Figures 6 and 7 demonstrates variation trend of communication traffic and response time. It can be seen the communication overhead and response time increase with increasing K. This is because the demand space expands with the increase of query demand, and the server needs to query more POIs to make the supply space cover the demand space. In addition, the communication overhead and response time of FINN method are better than those of SpaceTwist method. The larger the number of nearest neighbors, the more obvious the advantage of FINN method shows. The reason lies in that only those POIs located within specific angle range need sending from server to query client in FINN, which reduces the communication overhead and the computing overhead at client side.

Fig. 6.
figure 6

Communication cost vs. varying K

Fig. 7.
figure 7

Response time vs. varying K

Figures 8 and 9 show communication cost and response time varying trends with increasing K. It is obviously that the communication overhead and response time increase with increasing K. The reason is with querier’s demand space not changed, higher POI density leads to more POIs in the supply space. It is noted that the communication overhead and response time of FINN are better than that of SpaceTwist, and the advantage increases sharply with larger K.

Fig. 8.
figure 8

Communication cost vs. number of POIs

Fig. 9.
figure 9

Response time vs. number of POIs

The experimental results show that FINN is suitable for different POI densities and different K, and has good scalability. In addition, compared with SpaceTwist, FINN significantly improves query performance, and the extent of improvement increases with K.

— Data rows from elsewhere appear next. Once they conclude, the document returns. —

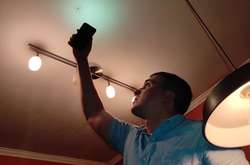 Журналіст-розслідувач виявив ознаки прослушки в своїй квартирі (фото)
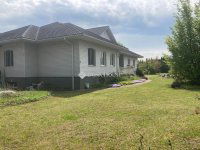 Eladó családi ház, Vácon 275 M Ft, 8 szobás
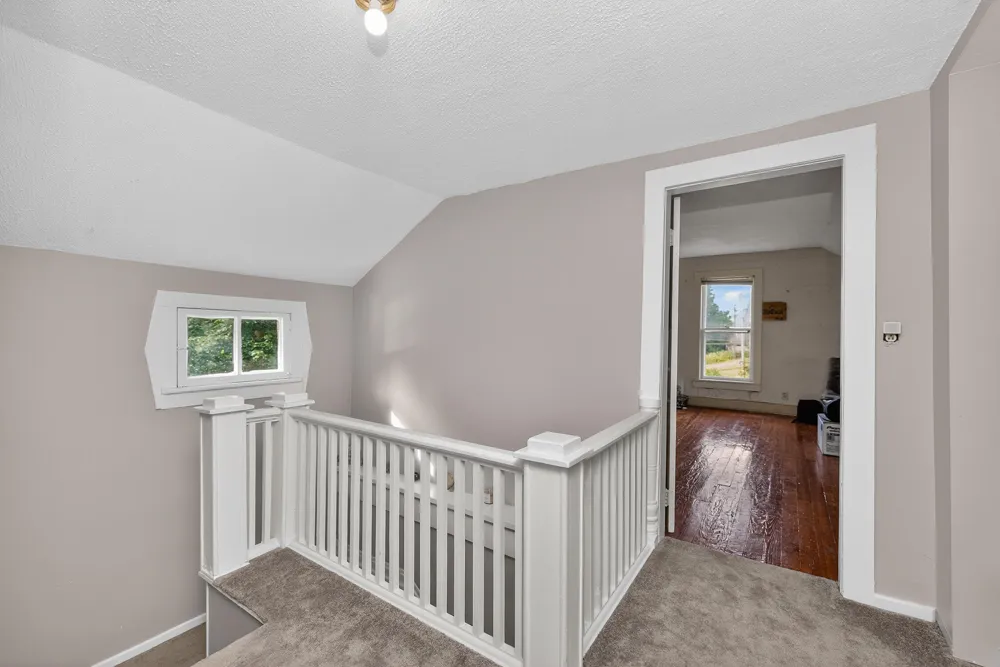 123 Hilltop Lane Cassopolis, MI 49031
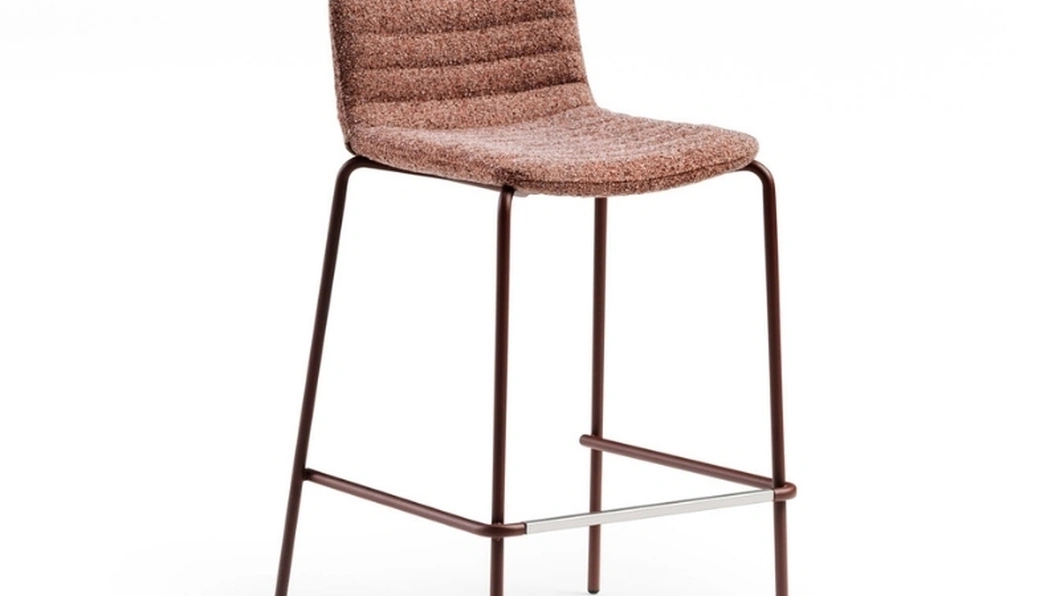 Sgabello in tessuto imbottito Cover|1 di Midj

6.2.2 Controllability of Feedback Angle to FINN

As shown in Figs. 10 and 11 communication cost, as well as response time, increase with enlarging feedback angel. This is because with feedback angle increases, the LBS server needs to find and process more POIs, and the communication and computing overhead will increase accordingly.

Fig. 10.
figure 10

Communication cost vs. feedback angel

Fig. 11.
figure 11

Response time vs. feedback angel

Figure 12 represents the impact of feedback angle on privacy security, the privacy preserving effect is measured by the number of users in the privacy area Ψ. The larger the feedback angle is, the more users locate inside the privacy area, and the smaller the probability that the attacker infers that the real query users are, the stronger the privacy security is.

Fig. 12.
figure 12

Privacy protection vs. feedback angel

7 Conclusion

Aiming at the problem of high query cost, as well as uncontrollable query performance and privacy protection strength, in location perturbation-based privacy-preserving nearest neighbor queries, a feedback angle-based privacy-preserving nearest neighbor query method FINN is proposed. By sending feedback angle to the LBS server, the querier can provide guidance information for the subsequent query processing of the LBS server. It realizes the regulation of iteration rounds and location privacy protection intensity in query processing process, and improves query processing efficiency. The next step is to consider applying the proposed method to continuous location privacy preserving nearest neighbor query in road network environmental.